Plötzlich war ein Musikproduzent am Telefon

Mithilfe von Freunden und jenes Pfarrers, der das Elternpaar getraut hatte, wurde es eine ganz besondere Tauffeier mit handgemachter Musik, bei der sogar der Pastor mitmusizierte. Der Vater des Täuflings sang, spielte Gitarre und Mundharmonika. Und weil Linde und seine Frau den von der privaten Vorführung begeisterten Gästen eine Erinnerung zukommen lassen wollten, ging der Hobbymusiker mit seiner Mini-Band ins Tonstudio von Michael Krüger, nahm den Song auf, brannte ihn auf CDs und verschenkte sie.
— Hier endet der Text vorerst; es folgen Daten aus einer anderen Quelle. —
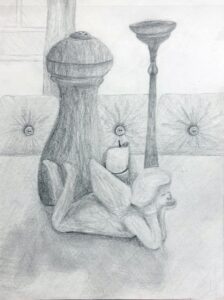 Pencil drawing of a contemplative figure holding a candle in a minimalist setting.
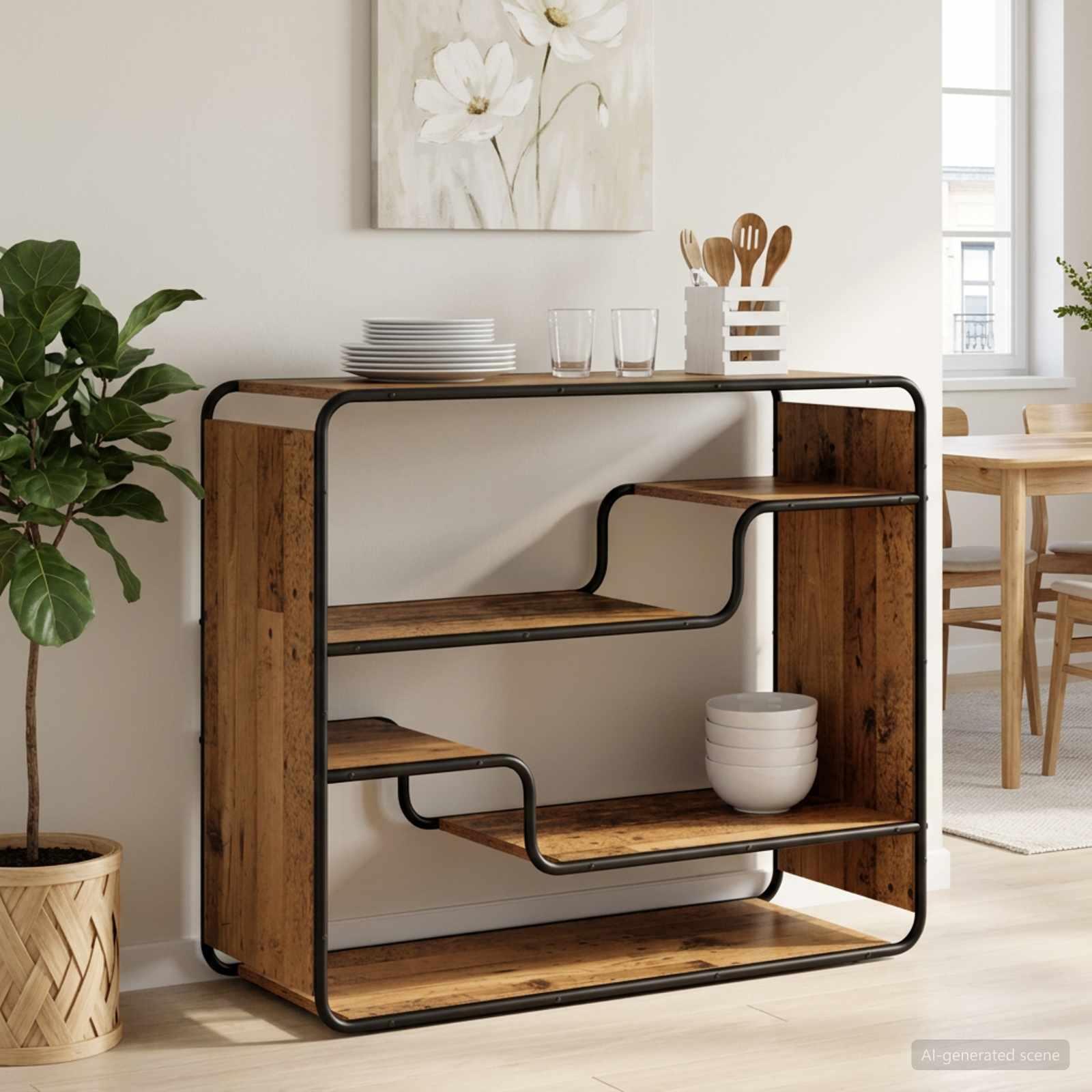 Skænk i gammelt træ 98 x 37,5 x 75,5 cm i konstrueret træ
Bis hierhin ist diese Geschichte noch keine wirklich besondere Geschichte. Individuelle Tauffeiern gibt es viele, privat gebrannte CDs ebenfalls und ambitionierte Eltern sowieso. Doch ein paar Wochen später klingelte bei Lindes zu Hause das Telefon und ein gewisser Renè Münzer war am Apparat. Er habe da so ein Lied gehört und könne sich durchaus vorstellen, es zu produzieren, sagte der Inhaber von Ear-Lab. Das Label aus Hamburg produzierte unter anderem das Duo Orange Blue, aber auch die Sängerin Schné, Teilnehmerin des Bundesvision Song Contest 2012. „Nach dem Anruf habe ich mich gefragt, ob mir das tatsächlich gerade passiert“, erinnert sich Linde.

Doch auch für Münzer gehörte das Gespräch nicht zum Business as usual. Dass ein Unbekannter dazu eingeladen wird, seinen Erstling in einem Studio einzuspielen, und dass die Produktion dann innerhalb von zwei Monaten sogar fertig ist, „das ist ein eher ungewöhnlicher Vorgang. Auch für mich“, sagt der Musikproduzent.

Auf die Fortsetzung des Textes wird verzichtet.